Caroline Carleton wrote the poem (later set to music by Carl Linger) in 1859, her winning entry for a competition held by the Gawler Institute.

I still can’t believe I walked backwards to Conondale on the strength of such purple prose as:

There is a land where honey flows
Where laughing corn luxuriant grows;
Land of the myrtle and the rose.
On hill and plain the clustering vine
Is gushing out with purple wine,
And cups are quaffed to thee and thine – Australia.

So, while I was steeling myself for the backwards trek to Conondale (note how I carefully did not specify from where), I did a little research on the art of backwards perambulation.

Shannon Molloy writing in The Courier-Mail about colourful Qld political characters, found an endearing photo of former Industrial Relations minister Vince Lester walking backwards.

“The intriguing figure of 1980s politics was famed for his hobby of walking backwards, often for hours at a time. He would complete trips in the name of charity, once rear wandering for several hours between two regional towns.”

Colourful Queensland MP Bob Katter once promised to “walk to (or from, according to some reports) Bourke backwards if the gay population of North Queensland is any more than 0.001%”. Despite his half-brother since coming out as gay and Katter being (often) reminded about this loose remark (there was a rainbow protest outside his Mt Isa offices in 2011), he maintains that gay marriage isn’t an issue in his electorate. It appears he never did take up the threat to walk frontwards or backwards to or from Bourke in Western NSW (about 1,600 kilometres to his Mt Isa electoral office).

Sometimes known as ‘retro walking,’ the seemingly unusual habit of walking (or running) backwards is widely recommended for fitness.
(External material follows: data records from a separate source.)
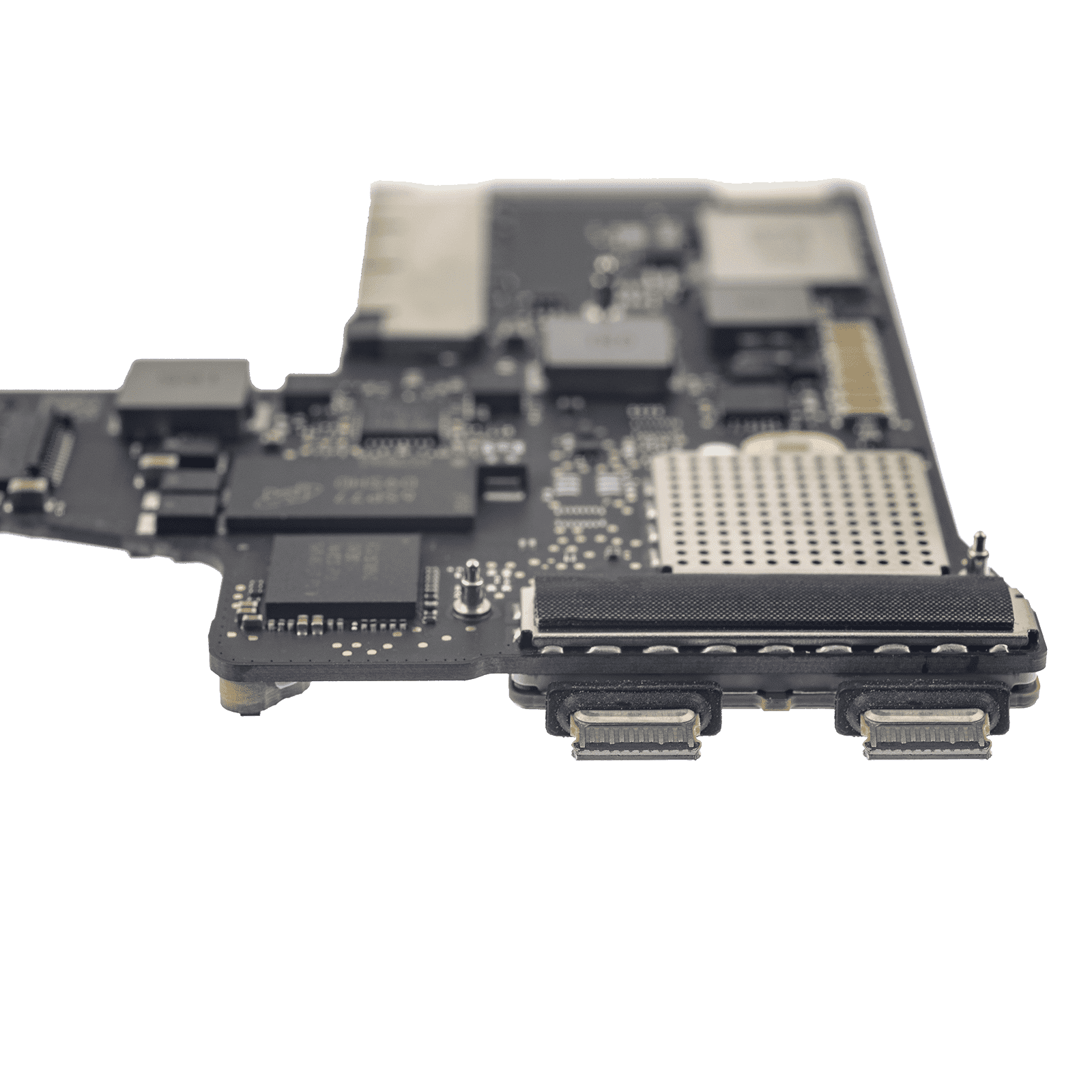 A1708 MacBook Pro 13 A1708 MacBook Pro 13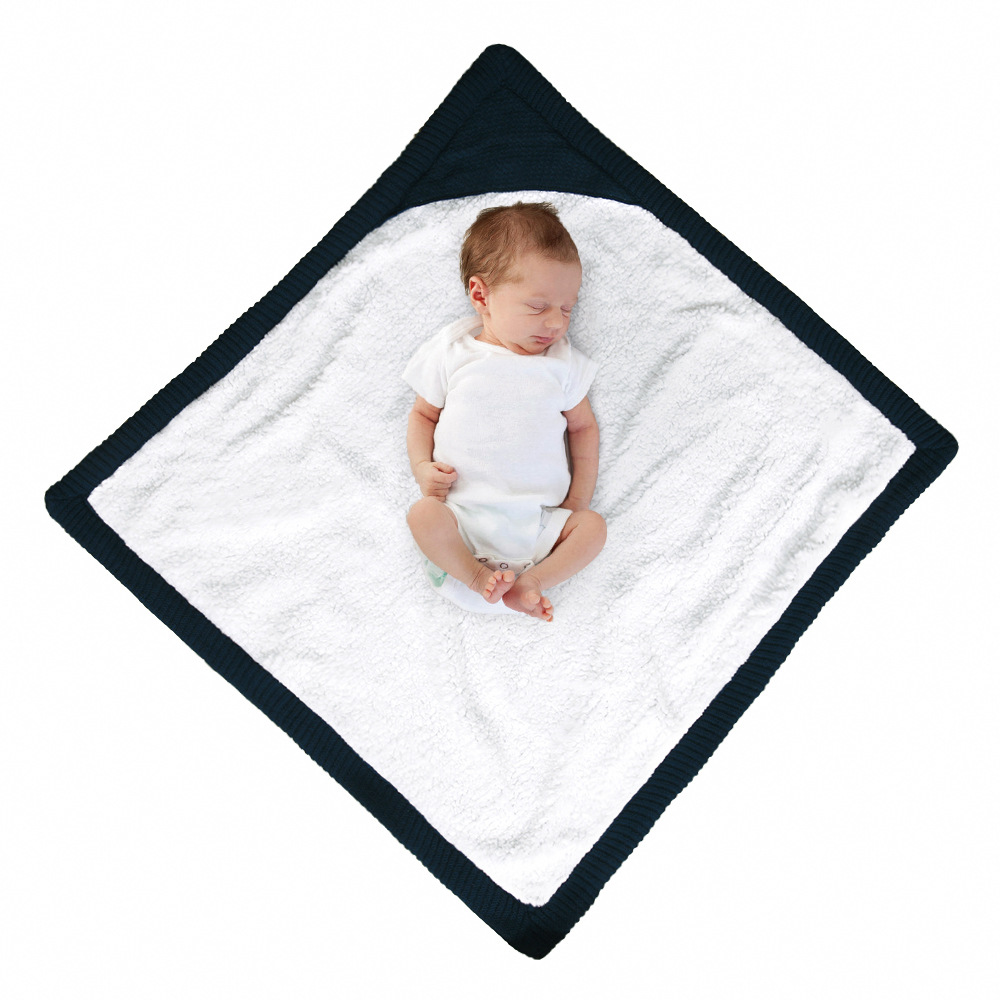 Winter Newborn Baby Sleeping B - đánh giá và giá Baby Bag Nursery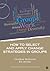 How to Select and Apply Change Strategies in Groups by Edward E. Jacobs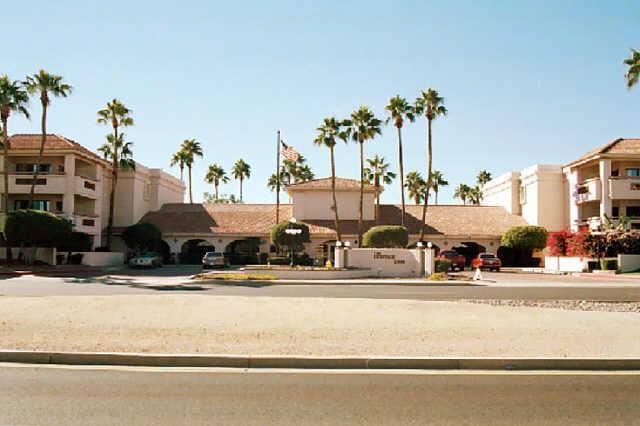 17404 N 99th Ave. #210, Sun City, AZ 85373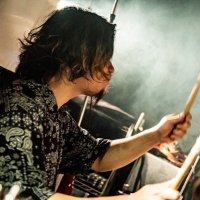 GeN (@gen_the_answer) 's Twitter Profile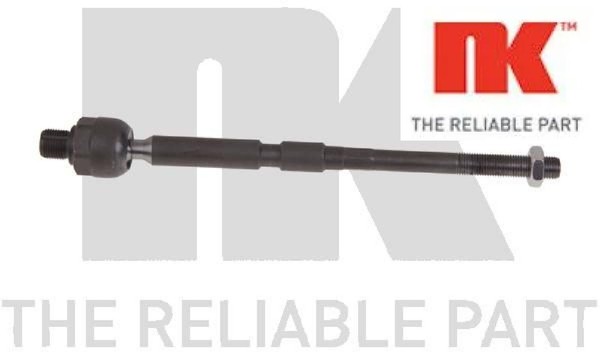 NK 5033669 Axialgelenk FüR Spurstange Axialgelenk Spurstange FüR Opel-image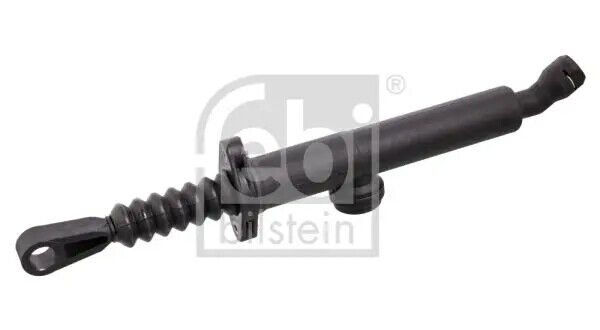 Pompa frizione 102036 FEBI BILSTEIN per MERCEDES-BENZ ATEGO AXOR AXOR 2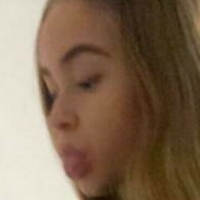 Aliciaaaesthetic Naakt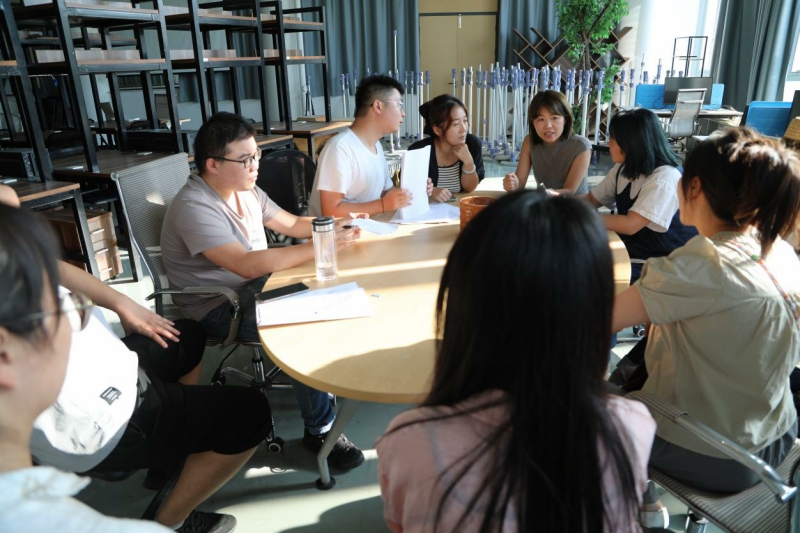 图片5.jpg 图片5.jpg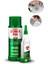Genel Amaçlı Büyük Hızlı Yapıştırıcı 400 Ml+ 100 GRS665 1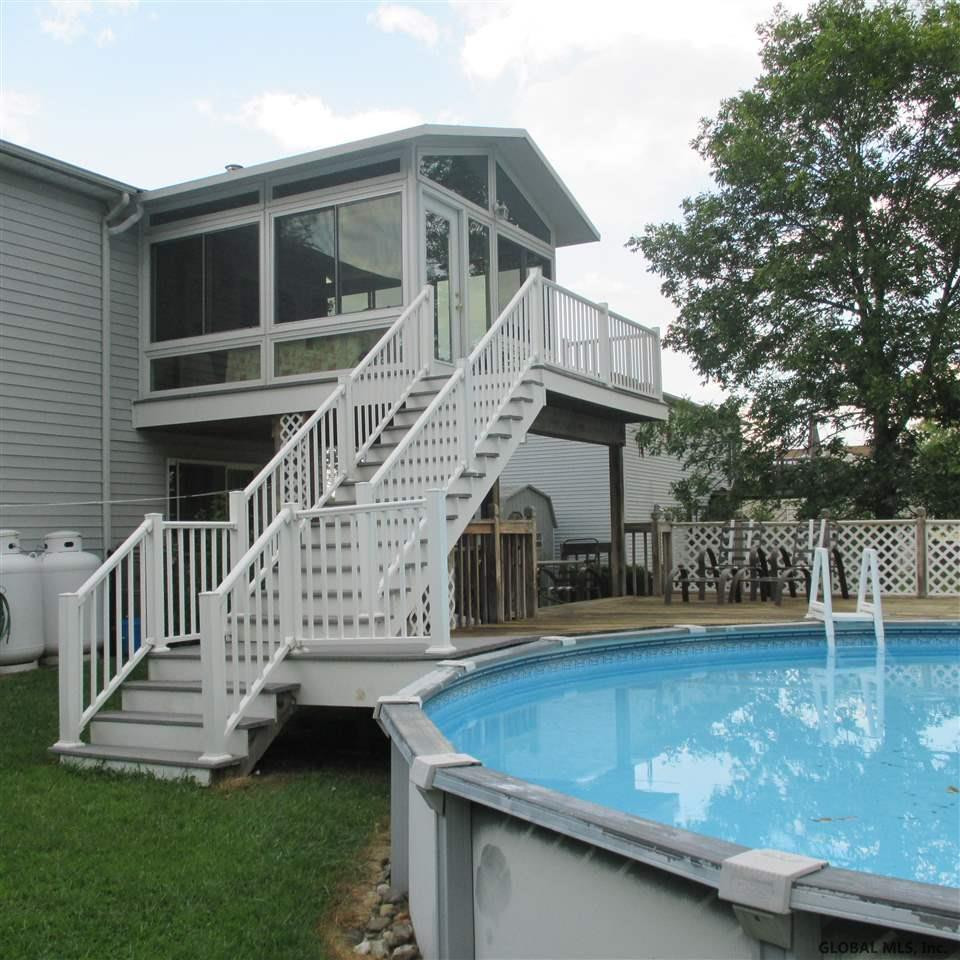 72 Kellogg Road Stillwater, NY 12170 - Photo 16 of 21 Photo 16
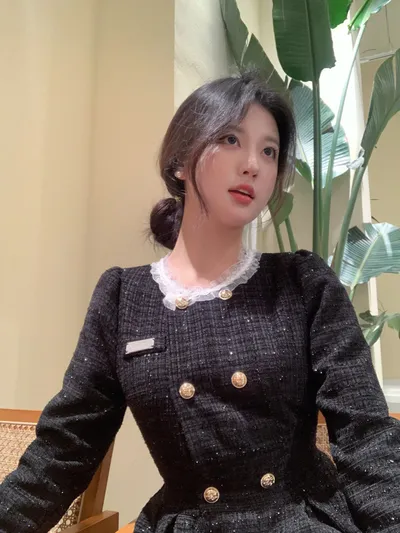 晚上洗脸后要擦护肤品吗? 晚上洗脸后要擦护肤品吗?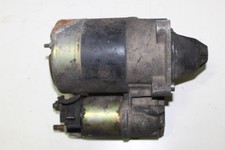 Motorino avviamento per usato Motorino avviamento per usato  Italia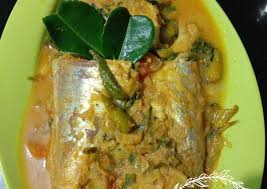 Selain cakalang fufu yang melegenda, ikan woku merupakan satu dari sekian banyak masakah khas berbahan dasar ikan yang bisa kita jumpai di sulawesi utara. Resep Ikan Woku Belanga Oleh Licha Alby Cookpad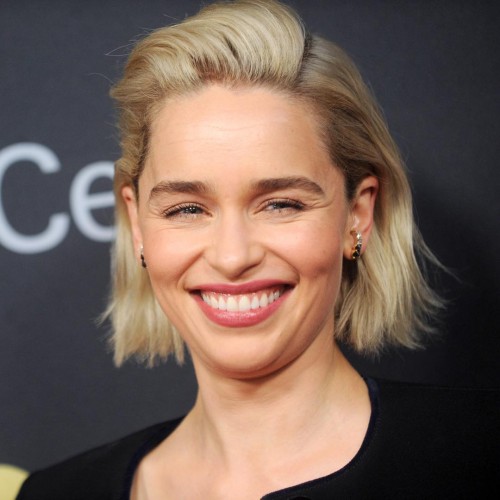 Emilia-Clarke-10490.jpg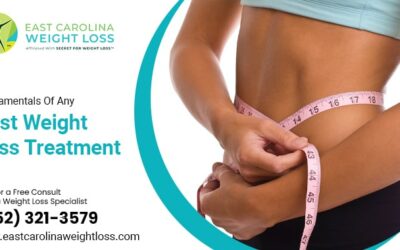 Fundamentals Of Any Best Weight Loss Treatment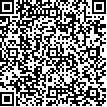 Código QR de la empresa Libuse Berankova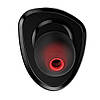 Бездротова bluetooth гарнітура Hoco E7 black, фото 6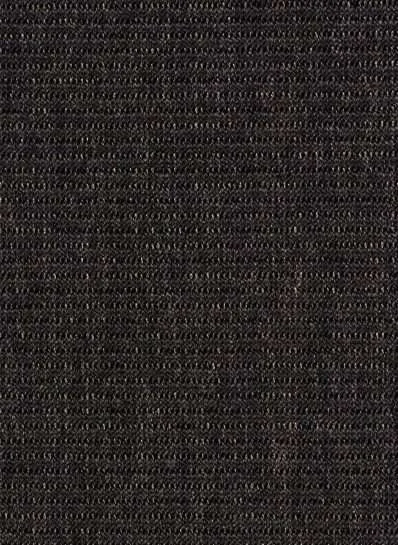 hellofloor202609201158152961290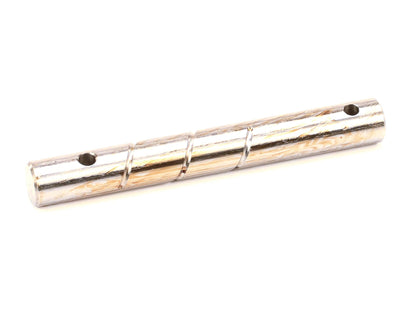 00709040 Bosch Slide Rail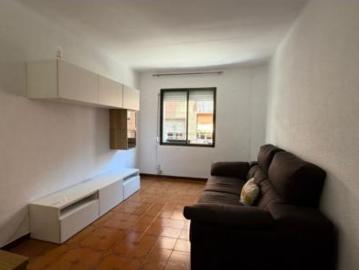 Piso Venta L'Hospitalet de Llobregat, La Torrassa
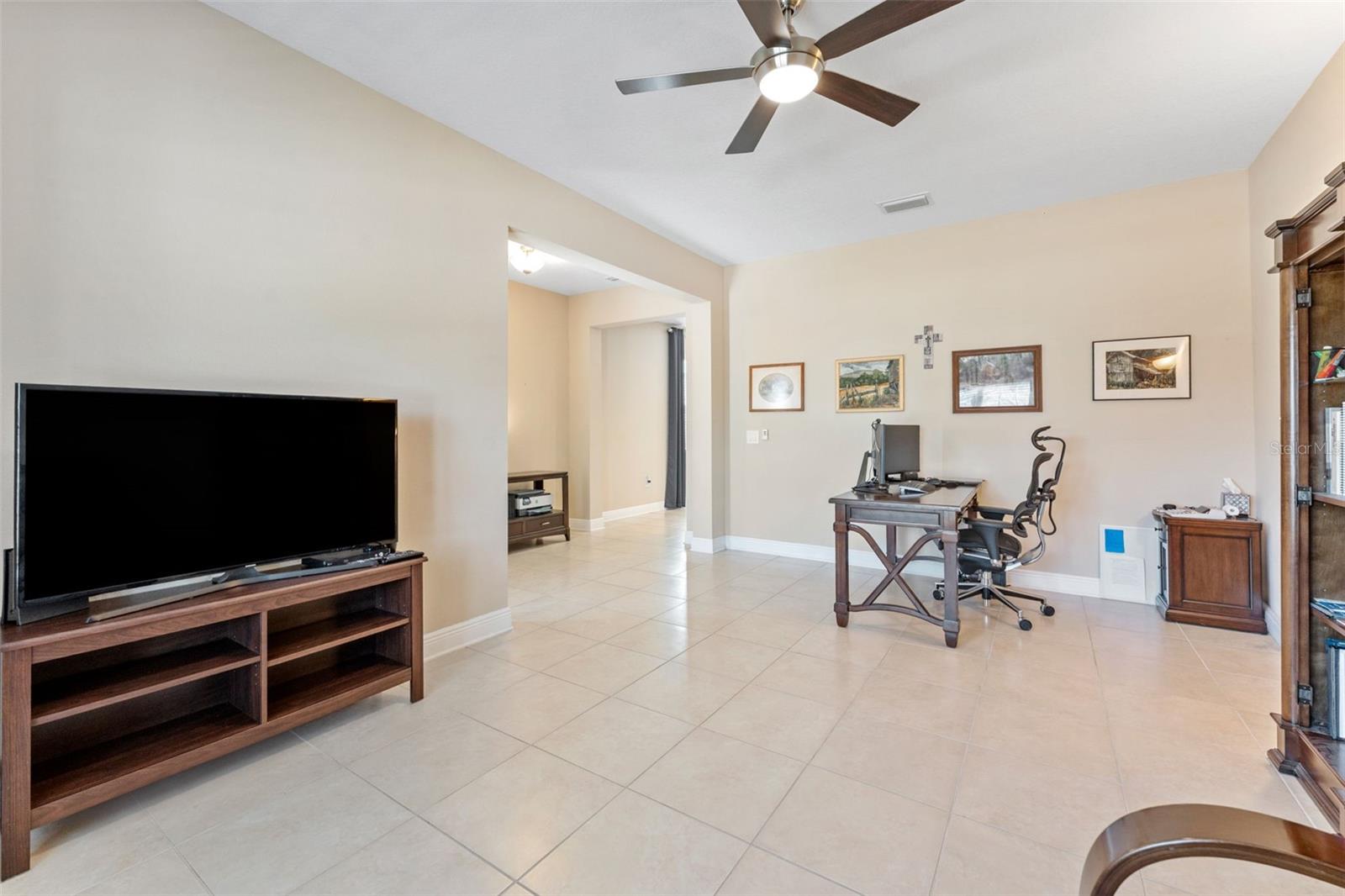 TALAVERA PHASE 1A-2 - Residential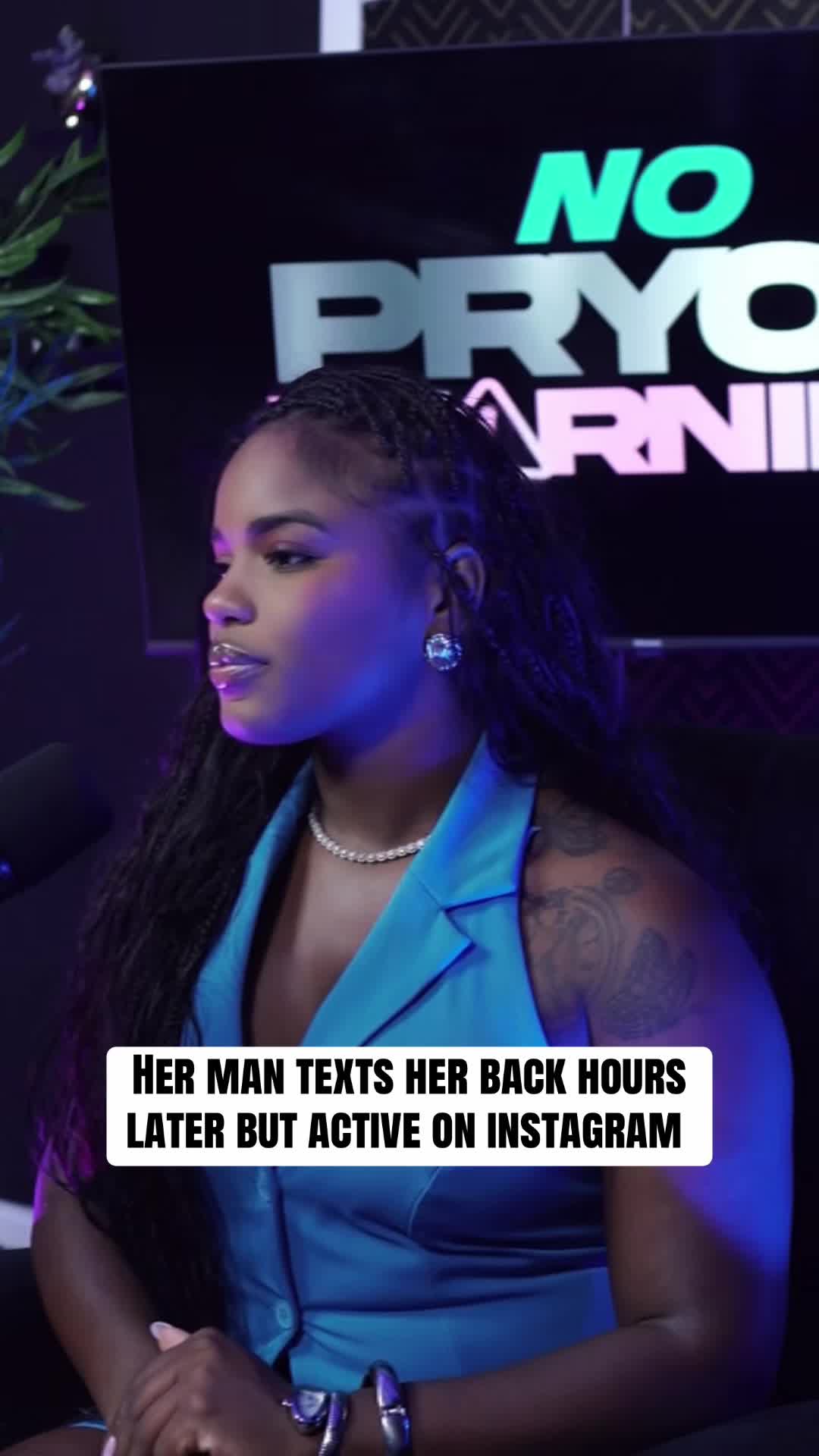 @thearielpryor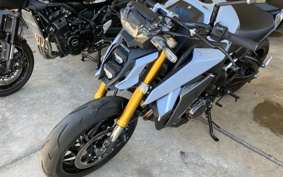 SUZUKI GSX-S 1000 2023 EK1AA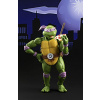 Bandai Tamashii Nations 49070 Teenage Mutant Ninja Turtles Donatello Figure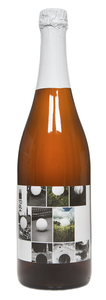To Øl Snowball Saison To Øl Snowball Saison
You will find many health and fitness links on the Internet which suggest walking backwards strengthens little-used muscles, improves balance and is good for people with knee, hip and back problems.

Some people even do it for a living.

Seaman Nathan Winn is a tour guide for the Pentagon, and routinely walks up to eight kilometres backward per day (including escalators)

Whatever you do, don’t try walking down stairs, steps or steep bush tracks backwards (or backward as they say in the US). As Seaman Mann found, when he tried going down the up-escalator, it’s embarrassing and definitely not funny.

I walk every day but if you want to have some idea how far you’re walking and set some goals to increase the tempo and distance, a pedometer is useful.

It is said that for maximum fitness from walking you need to chalk up 10,000 steps a day. That’s about eight kilometres, the same as that logged by Seaman Winn, but in a forwards direction.

If you fell asleep in your recliner while reading this on your IPad, you may want to do something about your general level of inertia.

Here’s a suggestion: Sign up for Steptember (a fund-raiser for Cerebral Palsy), where you pledge to walk 10,000 steps on each of 28 days during September.

Or you could just donate money and loaf in the recliner and watch old movies on SBS on Demand, Stan or Netflix. I’ve been looking but have not yet found the critically panned 2008 remake of The 39 Steps, a spy thriller starring Rupert Penry-Jones (Silk and Spooks). I’m curious, having seen the 1959 remake starring Kenneth More (which was spiffing). Never did see the original (Hitchcock, 1935).

UK author John Buchan wrote the book at a clifftop nursing home in Broadstairs while recovering from illness. A set of wooden steps which led from the garden to the beach are thought to have inspired the title. In the book these steps become the escape route (frontwards) down to a quay where the villains’ vessel, Ariadne, is waiting to speed them away.